Google’s Area 120 Lab Rolls Out Free AI-Powered Video Dubbing Translator Tool
Google has introduced a new free tool named Aloud for quickly dubbing videos in multiple languages. Developers at Google’s in-house incubation hub Area 120 built Aloud to produce dubbed versions of videos in new languages in less than an hour, along with a chance for the creator to correct errors.
Aloud combines several popular AI tasks into a single tool for creators on YouTube and other video platforms. The user can provide subtitles to a video or the AI’s speech-to-text model can produce a transcript for review. Then the tool translates the text into an available language and the user picks a synthetic voice to read out the translated speech, replacing the original audio in the video for publishing. Aloud can translate and dub a five-minute video in 10 minutes, according to its designers. As a transparency measure, Aloud creators have to mention that the dub is synthetic and reference the original video in the description, credits, or as a pinned comment. The current early-access version of Aloud only dubs English videos into Spanish and Portuguese, but the Sri Lankan-born developers have Hindi and Bahasa-Indonesian in the pipeline along with several other languages.
“Dubbing used to take weeks worth of effort and a large budget. But with Aloud, you only need a few minutes,” Aloud co-founders Buddhika Kottahachchi and Sasakthi Abeysinghe explained in announcing the product. “We use advances in audio separation, machine translation and speech synthesis to reduce time-consuming and costly steps like translation, video editing and audio production. You do not even need to know any language other than the ones you already speak, and all of this is available at no cost to the creator.”
Google has been investigating AI translation and transcription for a long time. For instance, Google researchers produced an AI translation model last year named Translatotron 2 capable of translating and synthesizing human speech. That is an unrelated project as Aloud’s creators aren’t authors on the paper and Translatotron 2 was specifically designed to only produce translated audio in the original speaker’s voice as a way of avoiding deepfakes. There’s also Google Translate’s real-time transcription option and the instant translation feature for Google Assistant on Android. Aloud is focusing on video, not just audio. The creators cite informational and educational content as their first focus.

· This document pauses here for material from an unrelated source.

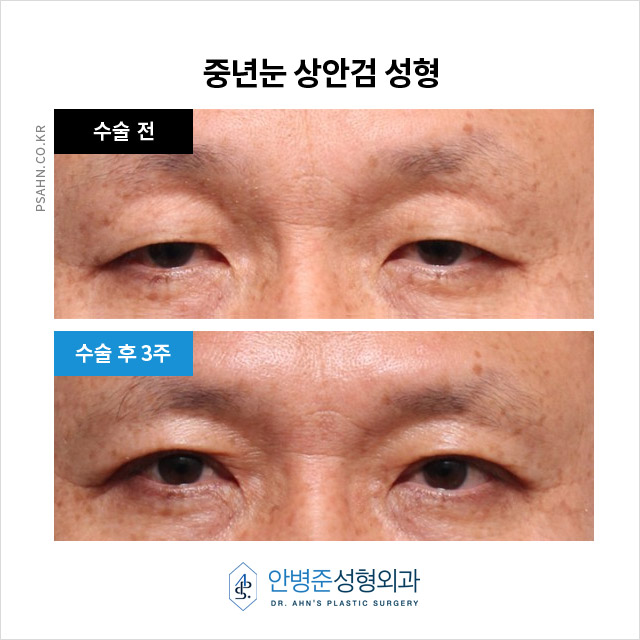 [중년눈성형] 중년 이후 눈 성형, 상안검과 하안검의 역할은? 관련 이미지 2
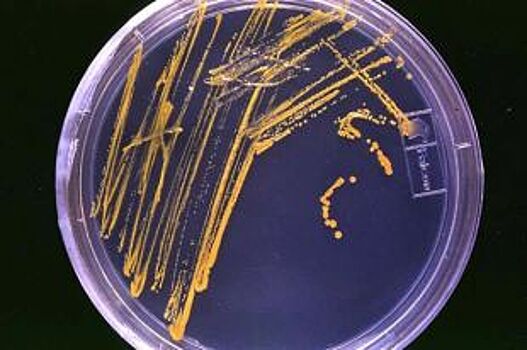 Специалисты рассказали о микроорганизмах, выживающих в разных условиях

“With dubbing, you can now reach previously unreachable portions of the world’s population. In our experiments, we have seen double-digit growth in views just by dubbing into one additional language,” Kottahachchi and Abeysinghe wrote. “Aloud doesn’t create new content — it only uses the original speech and translates it into a different language of your choice. We’re also working with YouTube to let creators add multiple audio tracks to their videos, a new feature that they started testing with a small group of creators late last year.”